Когда кончилось пение «достойно», протодиакон, стоявший в полном облачении, недвижим, как истукан, невольно поднял обёрнутую в орарь правую руку, которая дрожала.
— Говори ектенью! — второй раз прозвучал по церкви тот страшный голос, который всех приводил в трепет.
Протодиакон оторопел, заспешил было, сорвался с голоса, поправился, передохнул — и продолжал уже ровной, привычной октавой… «О свышнем мире и о спасении душ наших! О мире всего мира…»
А страшный пришлец, сойдя с патриаршего места, плавно, но твёрдо, словно вдавливая ноги в церковный каменный помост, стал ходить по церкви и прикладываться к образам и мощам.
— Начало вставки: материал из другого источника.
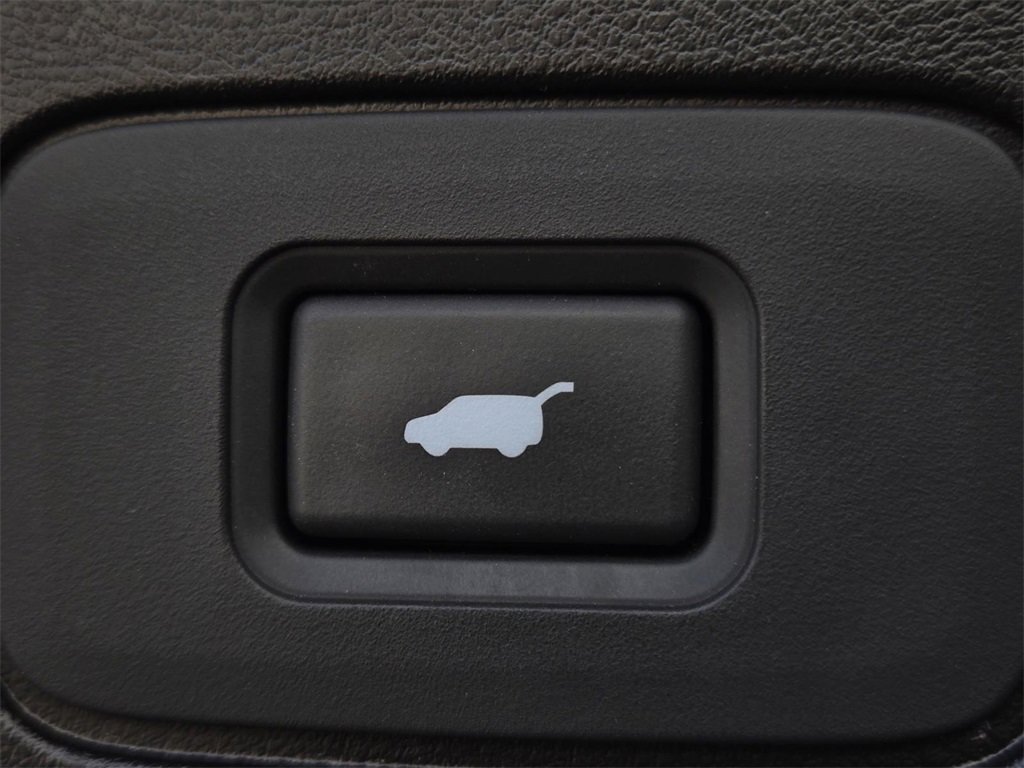 Used 2013 Acura ZDX image 11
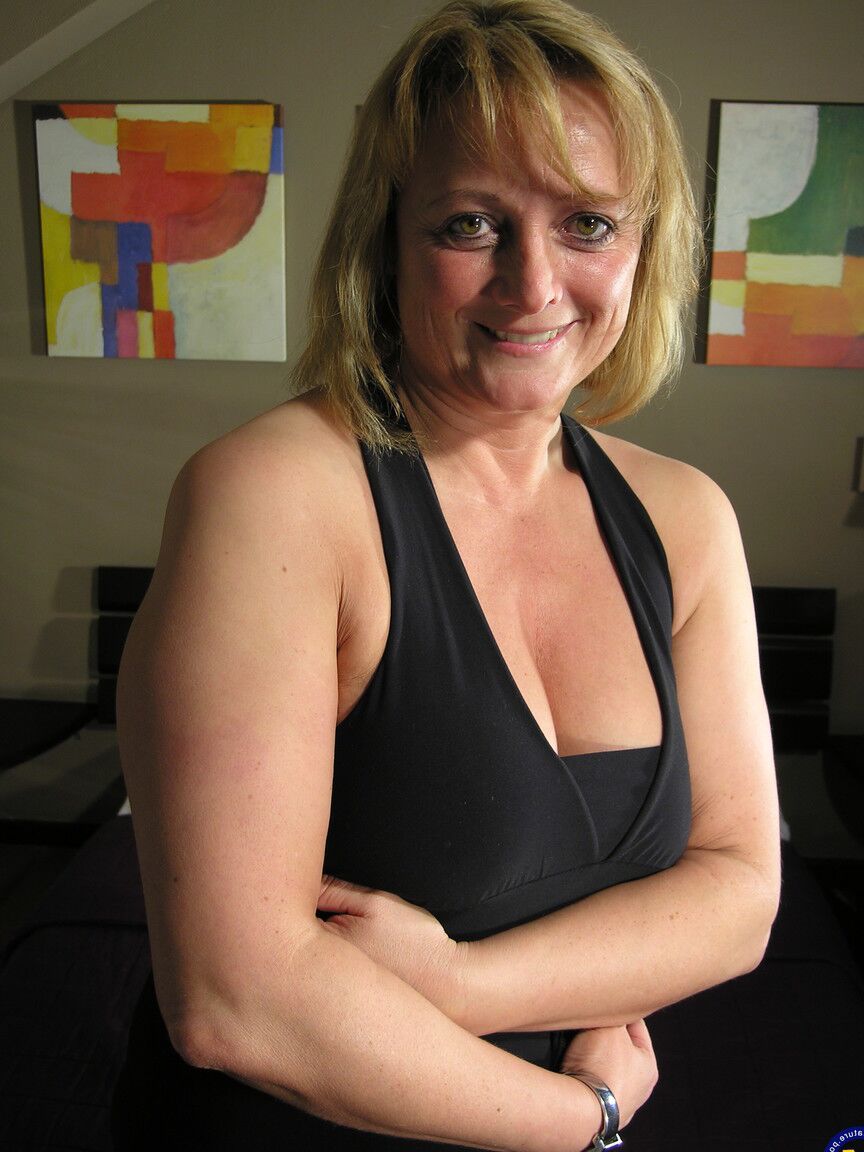 21P Madura com tesão com peitos grandes Yvette se masturba com um brinquedo sexual amarelo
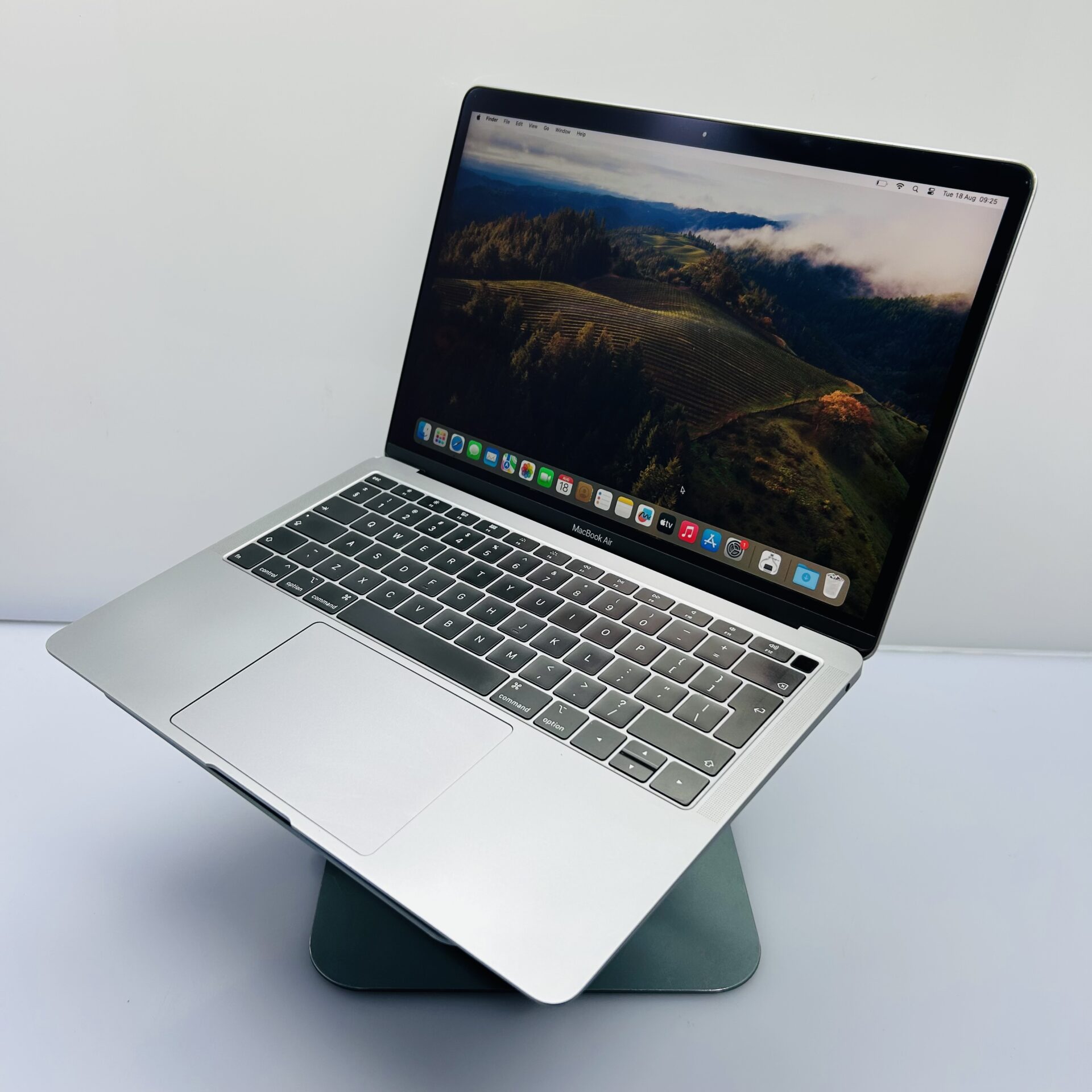 Apple MacBook Air 13-inch "Core i5" (2019) 1.6GHz 8GB RAM 128GB SSD Space Grey (Condition: Good) - Image 4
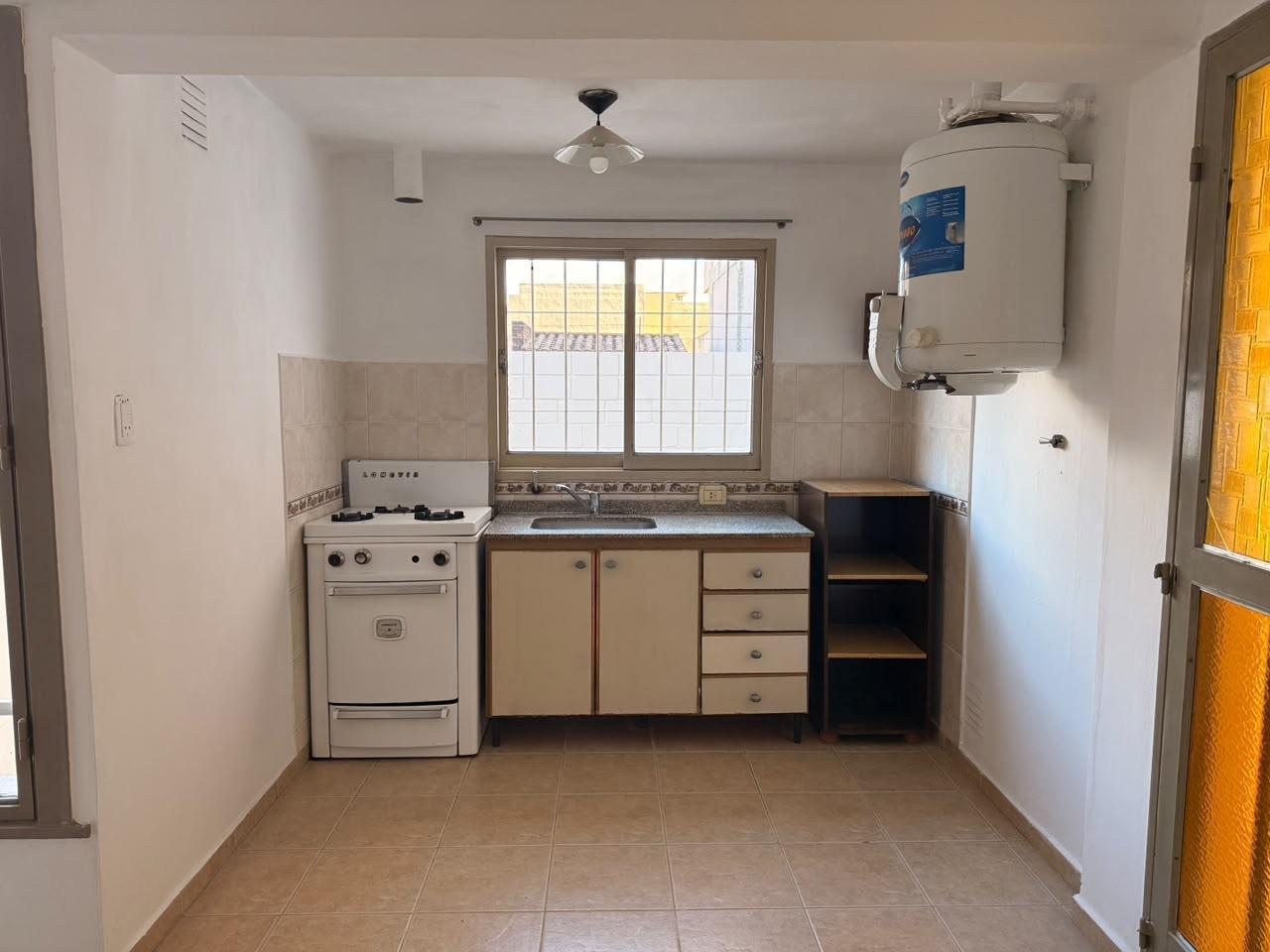 Foto de ALQUILER ANUAL MONOAMBIENTE VILLA CARLOS PAZ, imagen 5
Народ со страхом расступался перед ним, боясь поднять глаза до его глаз, светившихся каким-то фосфорическим светом.
Окончив это, пришлец опять взошёл на патриаршее место, возглашая громко, медленно и сурово, как бы грозясь кому-то: «Владыко многомилостиве!..»
— Иди под благословение! — повелительно обратился он, тотчас после молитвы, к митрополиту Ионе, который продолжал стоять неподвижно, по-прежнему бледный, недоумевающий.
Иона повиновался — подошёл, склонив ниже обыкновенного седую голову в богатой митре. За ним робко потянулось прочее духовенство. Пришлец порывисто шептал благословение и также порывисто крестил подходящих, словно ударял ладонью провинившийся пред ним воздух. Никто не глядел в глаза этому страшному пришельцу.
— Поди, возвести великому государю о моём пришествии, — сказал он митрополиту, окончив благословение.
Оторопелый митрополит ещё ниже наклонил голову, седые редкие косы его дрожали на плечах.
— Иди, — раздался повторительный возглас.
Иона пошёл, шатаясь и не поднимая головы. За ним торопливо последовал ключарь собора, Иов. Народ поспешно расступался перед ними, как бы боясь прикоснуться до их риз.
За духовенством, один за другим, тихо и робко ступая по мосту, стали всходить на патриаршее возвышение и прочие молящиеся. Пришлец благословлял всех, долго благословлял. Не одну тысячу раз сделала в воздухе крестное знамение жилистая рука его, а народ всё подступает, робко прижимаясь один к другому.
А время идёт… Пришлец нетерпеливо поглядывает на входные двери — никого нет… На лицо его всё более и более ложится какая-то зловещая тень… Глаза перестают глядеть на подходящий под благословение народ: они его не видят, а видят как будто что-то другое, никому невидимое.
Церковные сторожа робко, словно бы украдкой и боясь взглянуть на пришельца, пробираются между народом с пучками, с целыми охапками свечей и, втыкая их во все свободные ячейки паникадил и между ячейками, по бортам, до бесконечности увеличивают это несметное множество блестящих огненных языков, чтобы ярче, до боли глаз, осветилась огромная храмина, словно бы желая ярким светом освещённого огня согнать с давно вдовствующего патриаршего трона это страшное, сидящее на нём привидение, о котором начали было уже забывать, как о заживо погребённом. И храмина осветилась ярко, зловеще; а привидение не исчезает; оно всё сидит на троне и автоматически машет рукою над робко склоняющимися головами молящихся. И лицо у привидения становится ещё зловещее: матовая бледность его переходит в какую-то зеленоватость, в серо-пепельность…
Вдруг входные двери с шумом растворились. Народ опять шарахнулся в разные стороны. — Не царь ли идёт? — Нет, не царь. — Показались бледные, смущённые лица митрополита Ионы, ключаря Иова, а за ними ещё четыре лица… Это бояре. Впереди всех сухая, высокая фигура с иконописным лицом и чёрненькими в мешках и складках глазами. Это Одоевский князь, Никита Иванович, боярин и постник. За ним статная, осанистая фигура другого боярина с добрым лицом и добрыми глазами. Это боярин — князь Юрий Алексеевич Долгорукий. Тут же и юркий молодой царедворец — Родион Стрешнев, и сухой, жёлтый, морщинистый, как пересохший пергамент, великий законник и воротило — дьяк Алмаз Иванов, измождённое лицо которого походило на полинялый от времени харатейный свиток[3], а живые чёрные глаза на этой харатье представляли подобие двух свежих чернильных пятен.